French-speaking African states build momentum towards Vienna
November 14, 2014
More than 30 diplomats representing 21 African countries participated in a francophone roundtable on the humanitarian impact of nuclear weapons, hosted by Togo and ICAN at the UN in Geneva on November 12th.
HE Ms. Napka Polo, Ambassador from Togo, opened the proceedings by recalling the outcomes of the two Conferences on the Humanitarian Impact of Nuclear Weapons, and reiterated the importance of a strong participation to the 3rd Conference, in Vienna on December 8 and 9, 2014. She stated, “Africa has no direct economic or political interest in the preservation of these weapons and, being the most vulnerable continent, needs to mobilise to achieve nuclear disarmament.” She challenged French-speaking African states to be “more active than the English-speaking African states” to prohibit and eliminate nuclear weapons.
Ms. Woergoetter, representing the Austrian Permanent Mission to the United Nations in Geneva, announced that 87 countries have so far registered to the Vienna Conference. Woergoetter also presented the final program, highlighting the new topics which will be discussed.
Ms. Aebersold from the UNDP office in Geneva explained the lessons learned when studying the impact of nuclear explosions on health, economy, environment and development on tests sites and Chernobyl. She stated the vital need to prevent a detonation from ever happening again through the elimination of these weapons.
Mr.
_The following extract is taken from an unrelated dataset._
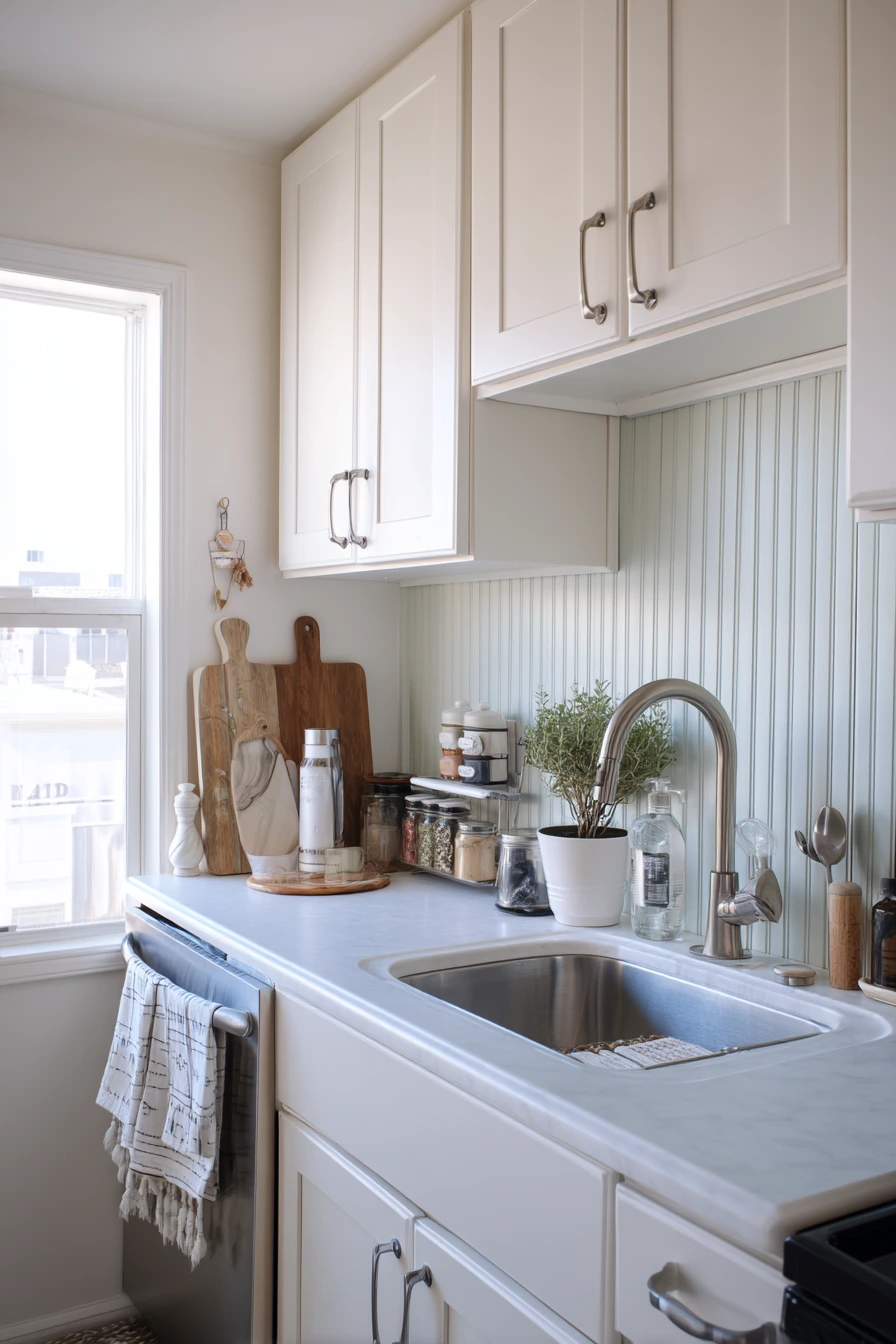 Renter-Friendly Sage Accent Wall Kitchen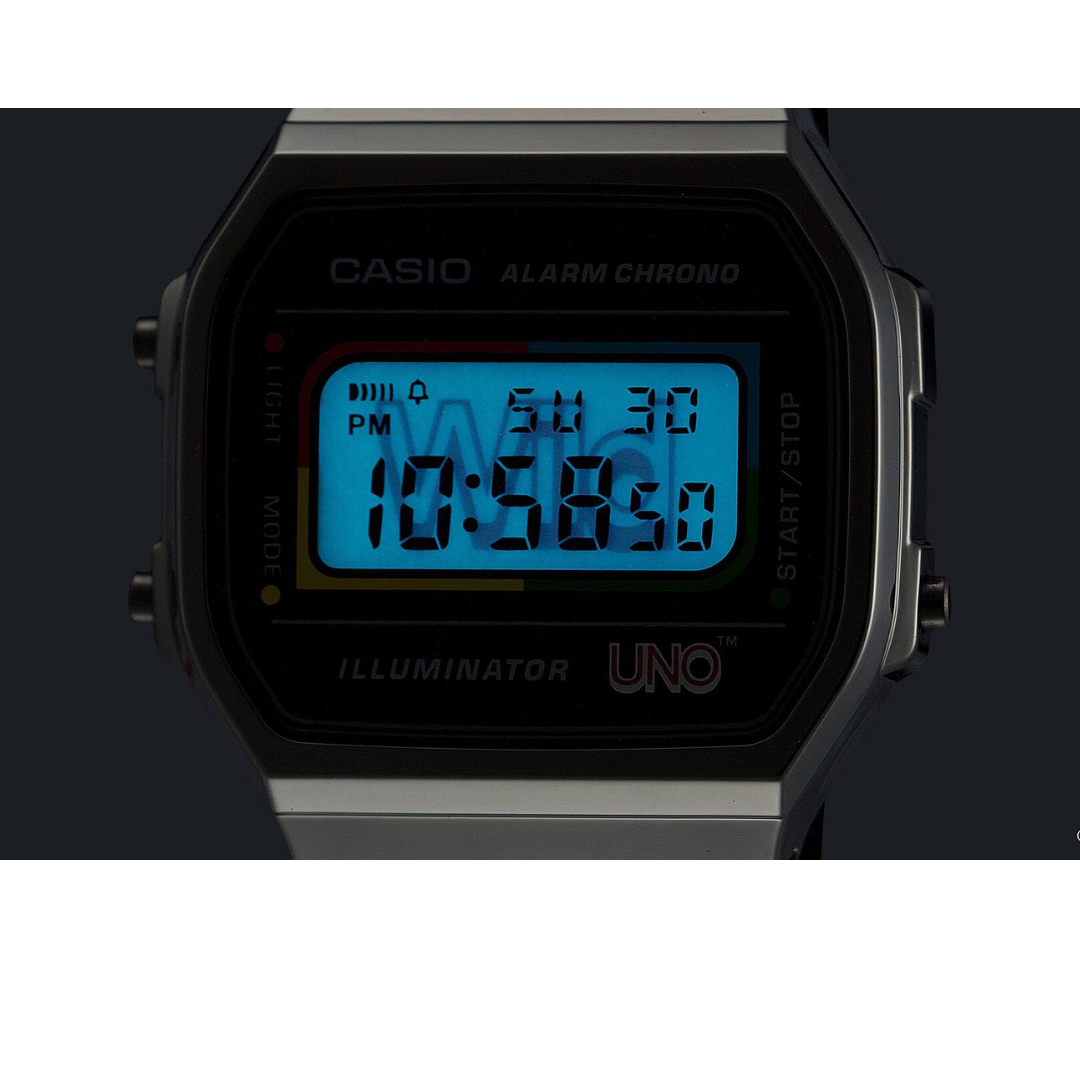 Reloj Casio A-168WEUC-1A Edición Limitada Juego UNO Unisex - Digital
Nash from Article 36 and ICAN demonstrated the value of starting negotiations on a treaty banning nuclear weapons even if nuclear weapon states do not participate, as “such a treaty would positively impact the move toward their elimination.” He argued that such a treaty would change the game on several levels in that “the legal clarity of a ban would increase the political pressure toward their elimination, and nuclear weapons will become more problematic in the military cooperation between states. The process of negotiation will also establish a stronger community for disposal.”
The debate between participants focused primarily on the options to free the world from nuclear weapons and how to get there. Diplomats expressed the importance of the Vienna conference and the need to get out of the deadlock of current nuclear disarmament talks, even if some were skeptical that a ban treaty could ever be achieved. SE Ms. Polo stated the will of Togo to be involved in further discussions and to inspire the region, “as Africa can and must play a leading role, with the experience gained from the Ottawa and Oslo process for landmines and cluster munitions.”
“Such a discussion in French is the first one happening at this level,” said Arielle Denis, ICAN director for Europe and Africa, “ Many participants expressed their interest to keep the discussion going and I am confident that French speaking African countries will build on their experience to become leading actors toward the prohibition of nuclear weapons.”